Diese beiden Männer hätten zwar ihre Anwesenheit am Tatort bestritten, doch es sei nicht nachvollziehbar, warum sein Mandant jetzt allein auf der Anklagebank sitze, hatte Rechtsanwalt Celsen argumentiert. "Die Frage, ob es hier um Täterschaft, Mittäterschaft oder Beihilfe geht, muss im Beweisverfahren erst geklärt werden." Die Staatsanwaltschaft hatte das Ermittlungsverfahren gegen die anderen Tatverdächtigen aber abgetrennt. Der Verteidiger beantragte deshalb Akteneinsicht.
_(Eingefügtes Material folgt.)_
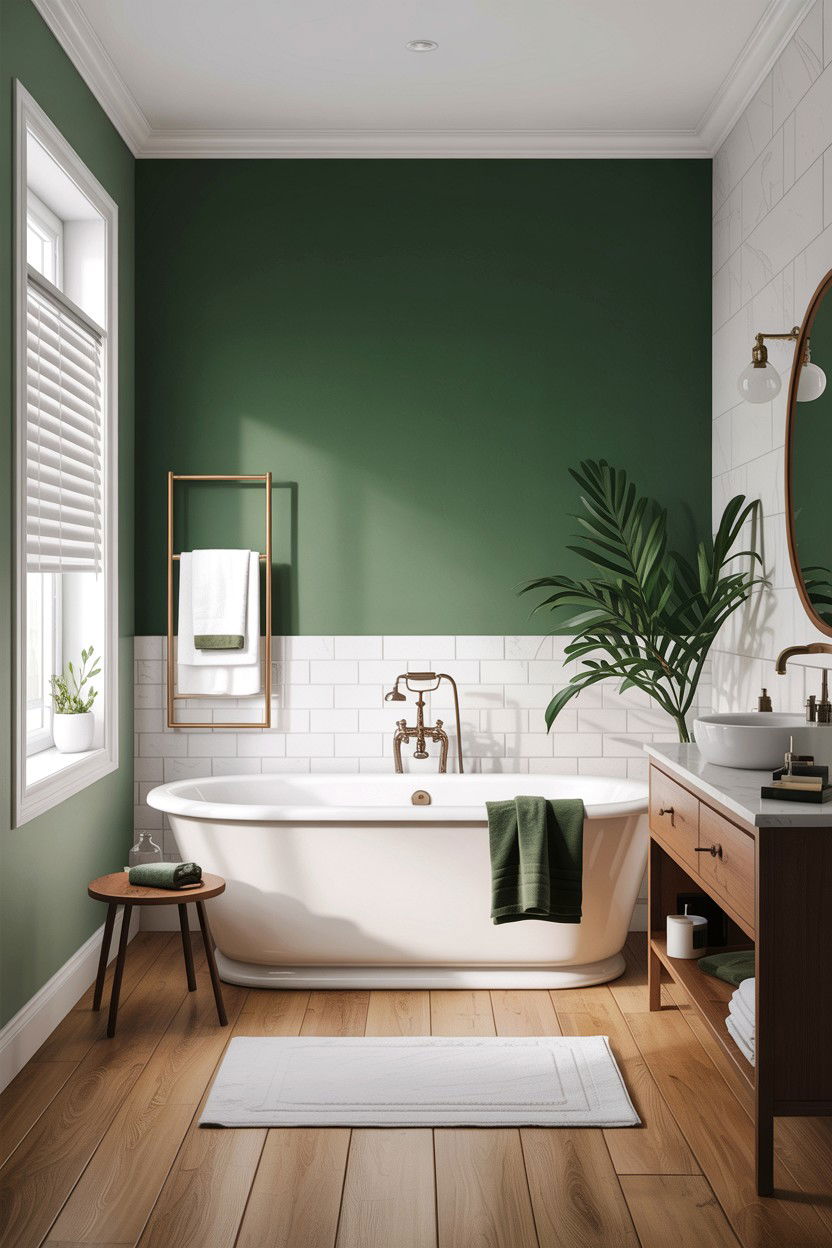 Hunter green accent wall - 30 hunter green bathroom ideas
Bei der Abfrage der Personalien des 38-Jährigen, dem eine russisch sprechende Dolmetscherin zur Seite gestellt war, gab dieser zwar Lettland als Geburtsort an, die Antwort auf die Frage nach seiner Staatsangehörigkeit verweigerte er aber. "Dazu machen wir keine Angaben", erklärte sein Anwalt.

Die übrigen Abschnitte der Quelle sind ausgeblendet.